Vitamin B12: the non-negotiable
Vitamin B12 is the clearest priority. It's found reliably only in animal foods and fortified products, so people on a vegan diet need a B12 supplement or consistently fortified foods — this isn't optional, because long-term deficiency can cause irreversible nerve problems [1]. Vegetarians who eat eggs and dairy get some, but many still benefit from monitoring.
Iron and zinc
Plant (non-heme) iron is absorbed less efficiently than iron from meat, so plant-based eaters should emphasize iron-rich foods (legumes, tofu, fortified grains) and pair them with vitamin C to boost absorption; some people, especially menstruating individuals, may need a supplement after testing [2]. Zinc absorption is also lower from plant foods, so beans, nuts, seeds, and whole grains matter.

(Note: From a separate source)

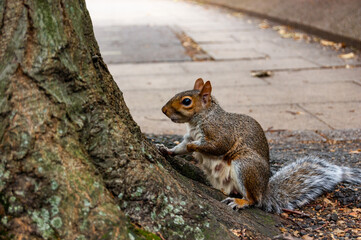 Naklejka na ściany i meble Common european squirrel sitting near the tree trunk on the pavement sidewalk in London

Iodine, vitamin D, calcium
- Iodine: without seafood or dairy, intake can fall short — iodized salt or a supplement helps (don't overdo it).
- Vitamin D: relevant for most people regardless of diet, especially with limited sun.

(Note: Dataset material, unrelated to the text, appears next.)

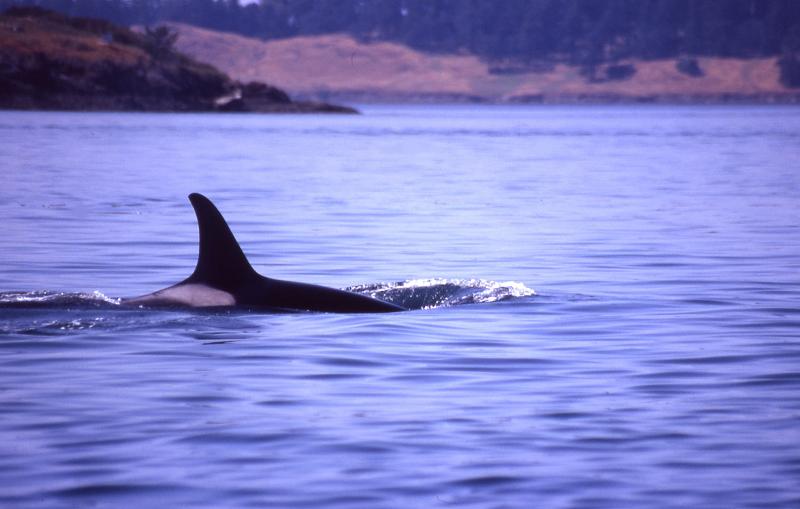 33015828.whaleprintother.jpg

- Calcium: vegans should plan around fortified plant milks, tofu set with calcium, and leafy greens.
Omega-3s and creatine
Omega-3s: plant sources (flax, chia, walnuts) provide ALA, which converts poorly to the EPA and DHA found in fish — so an algae-derived omega-3 supplement (not fish oil) is the vegan-friendly way to get preformed DHA/EPA [3]. Creatine stores run lower in vegetarians since it comes from meat; supplementing is well tolerated and of interest for performance and possibly cognition.
Plan, don't guess
A well-planned plant-based diet is healthy, but B12 and (often) iron are worth getting right with testing and, where useful, a clinician or registered dietitian. Choose third-party-tested supplements, and treat B12 as essential rather than optional [1][3].